I studied the on-line yacht sales sites for about three years before I got down to the last few boats for the same purpose. *In the end, I decided to go with a production boat rather than a custom build. *The candidates eventually boiled down to PDQ 34 Powercat, Endeavour 44 Trawler Cat, Fontaine Pajot 37 Maryland Trawlercat, and the mono-hulls were Mirage Great Harbor N-37 and GH 37, and 36 Krogen Manatee. *A lot of people ask me how I could have these boats on the same list, but the criteria of:

*shallow draft (38 inches or less), **economy, *stability, *value-holding, **comfort, *and very important to us was to have distinct and separate areas by which to enjoy the water...., fly bridge, pilothouse, boat deck, bow area, veranda, you know....the places you can plop down and be alone or together when one desires to be inside, outside, high, low, screened in, blowing in the wind, whatever.

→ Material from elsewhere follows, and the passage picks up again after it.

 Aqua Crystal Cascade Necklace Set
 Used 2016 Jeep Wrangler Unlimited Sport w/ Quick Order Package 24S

To various extents, they were all features of these boats. *The cats were all over 200K (some over 300K) and could offer the advantage of roll stability, system redundancy, and the extra speed to the upper teens when necessary. *I also loved mono-hull boats like the Willard 40, Hatteras LRC 42, Monk and DeFeaver designs, but they were just too deep for the type of cruising we wanted to do.

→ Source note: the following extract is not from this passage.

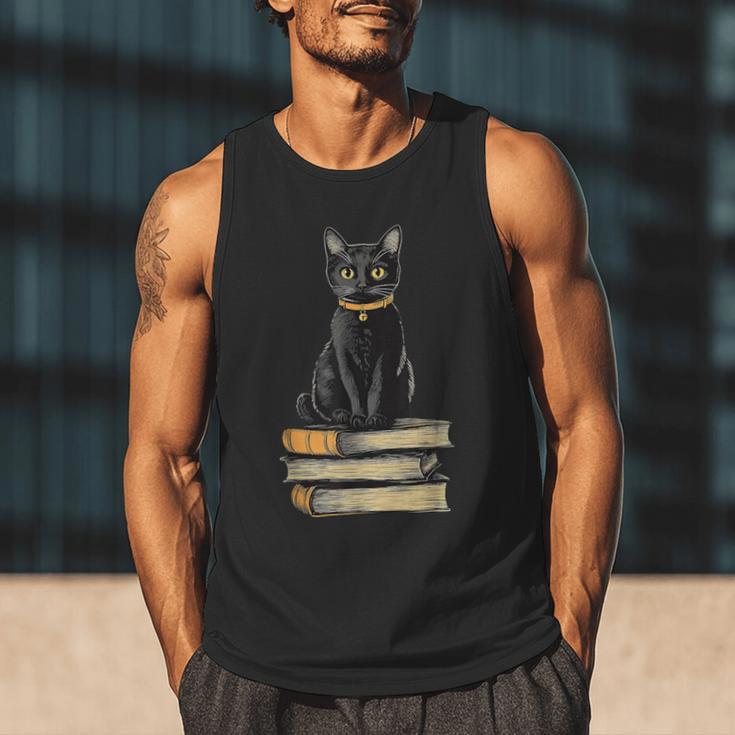Cat Sitting On Books Men Tank Top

**When it came down to the last three boats, PDQ 34, Endeavour 44, and the 36 Krogen Manatee, I sacrificed the speed of the cats and went with the Krogen, which also ended up being about half the price of the cats. *I loved the PDQ 34, but I'm just too stiff and big to get around in the hulls. *The 44 Endeavour had the full beam forward stateroom and great space, but they just weren't worth twice the price of the Manatee, which cubic-wise, is probably about the same. *

** There's a richness in traditional recreational trawlers, (just take a look at the members album on this site) that was necessarily absent in the cats, outside of the occasional trim piece here and there. *They are too weight sensitive for this kind of feature. *Our '87 Manatee was made when they were still tapping (some say raping) the forests of Indonesia, etc.. *But to step inside is so much of a richness factor over the spartain appearance of the modern cats that, for me, *was liken to the boat having a nautical soul.*

*No matter what you choose, you'll have the good and the not-so-good about any design. *I may still go with the cat one day, but I can assure you that it will be after I figure out a method of bringing more of the trawler richness into that design. *I want to be that practical, but I'm just not. * Best of luck in your search.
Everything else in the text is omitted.